Poderá, desde logo, entender-se que a impugnação deduzida contra o despacho do Presidente da Relação de Coimbra (recurso de constitucionalidade) que indeferiu o pedido se acaba por dirigir à própria decisão judicial por, em contrário do pretendido, não ter ampliado os fundamentos da suspeição à situação concreta invocada pelo recorrente (cfr. em caso semelhante, o Acórdão deste Tribunal n.º 626/98, de 3/11/98).
Em tal conformidade, devendo o recurso de constitucionalidade em fiscalização concreta ter por objecto normas, e não as próprias decisões judiciais, o recurso não deve ser admitido.
5 - Mas outro fundamento alternativo conduz à mesma solução.
Aceitando, agora, que, de acordo com o respectivo requerimento de interposição, o recurso vise uma interpretação normativa do artigo 127º do CPC, impõe o disposto nos artigos 70º n.º 1 alínea b) e 72º n.º 2 da LTC que o recorrente suscite a questão de constitucionalidade, durante o processo, perante o tribunal que proferiu a decisão recorrida.

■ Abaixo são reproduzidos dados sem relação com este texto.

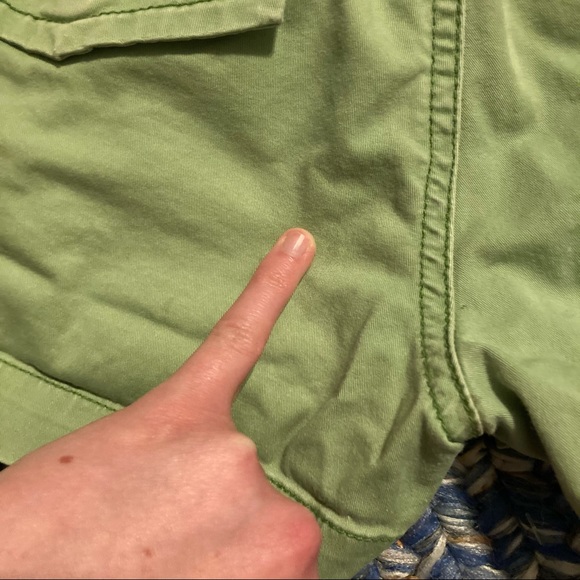 🟢 American Eagle Light Green Shorts - Picture 6 of 7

Ora, tendo em conta os contornos do caso, em que os recorrentes e ora reclamantes sustentavam a inconstitucionalidade do artigo 127º do CPC com fundamento na sua insuficiência para assegurar um processo equitativo, garantido pelo artigo 20º n.º 4 da CRP, a questão de constitucionalidade só deveria ter-se por suscitada se os recorrentes, para além de recortarem negativamente a inconstitucionalidade (a norma não contemplar outros casos em que se imporia a suspeição do juiz), definissem normativamente o quid supostamente em falta.
A verdade é que os reclamantes o não fizeram no pedido de suspeição, limitando-se a elencar várias decisões da Juíza em causa que, segundo eles, relevariam falta de imparcialidade, não se suscitando, assim, uma verdadeira questão de constitucionalidade normativa.
Soçobra, deste modo, e também por esta via, um dos pressupostos do recurso interposto.
6 - Decisão:
Pelo exposto e em conclusão, decide-se indeferir a reclamação.
Custas pelos reclamantes, fixando-se a taxa de justiça em15 Ucs.